With $n = 4$, we have
$v_0 = (1, 1, 1, 1)$,
$v_1 = (x_2 + x_3 + x_4, x_3 + x_4 + x_1, x_4 + x_1 + x_2, x_1 + x_2 + x_3)$,
$v_2 = ( x_2x_3+x_3x_4+x_4x_2, x_3x_4+x_4x_1+x_1x_3, x_4x_1+x_1x_2+x_2x_4, x_1x_2 + x_2x_3 + x_3x_2)$,
$v_3 = (x_2x_3x_4, x_3x_4x_1, x_4x_1x_2, x_1x_2x_3)$.

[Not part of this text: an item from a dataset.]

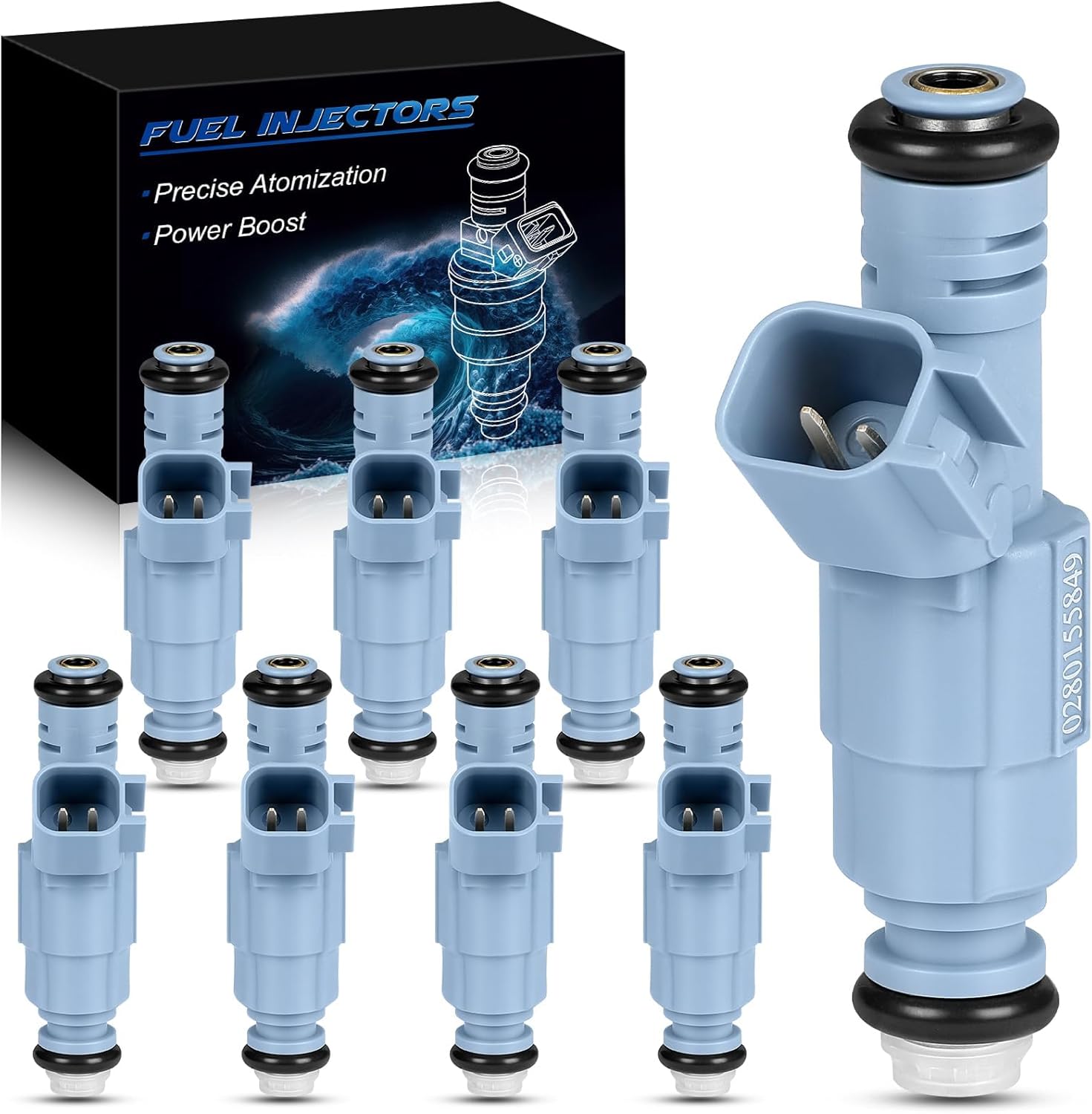 4.7L V8 Fuel Injectors for For:-Jeep Grand Cherokee 2001 2002 2003 2004 2005 2006 2007, For:-Dodge Dakota Durango, For:-Mitsubishi Raider For:-Chrysler Aspen, OE# 0280155849 (8 Pack)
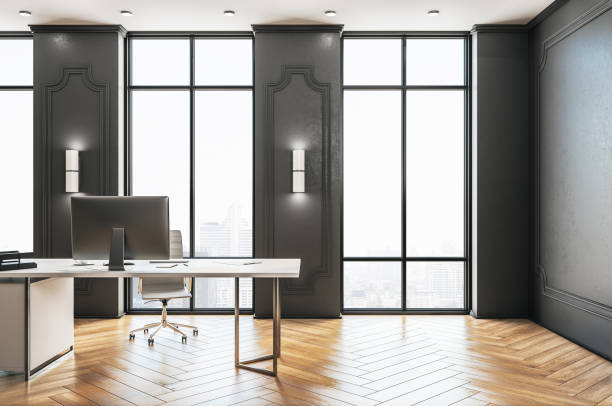 istock Coworking office interior with wooden floor 1205615035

Claim: $v_kA = (n-1-k) v_k$.

Proof: Expand it. A lot of the cross terms cancel out.
For example, with $v_0$, the column sum is $n-1$, so $v_0 A = (n-1) v_0$.
For example, with $v_{k-1}$, the numerators are all $\prod x_i$, and by looking at the denomninators, they cancel out to 0, so $v_{k-1} A = 0 $.

Do you see how we get $v_k A = (n-1-k)v_k$?

Corollary: The eigenvalues are $0, 1, 2, \ldots, n-1 $.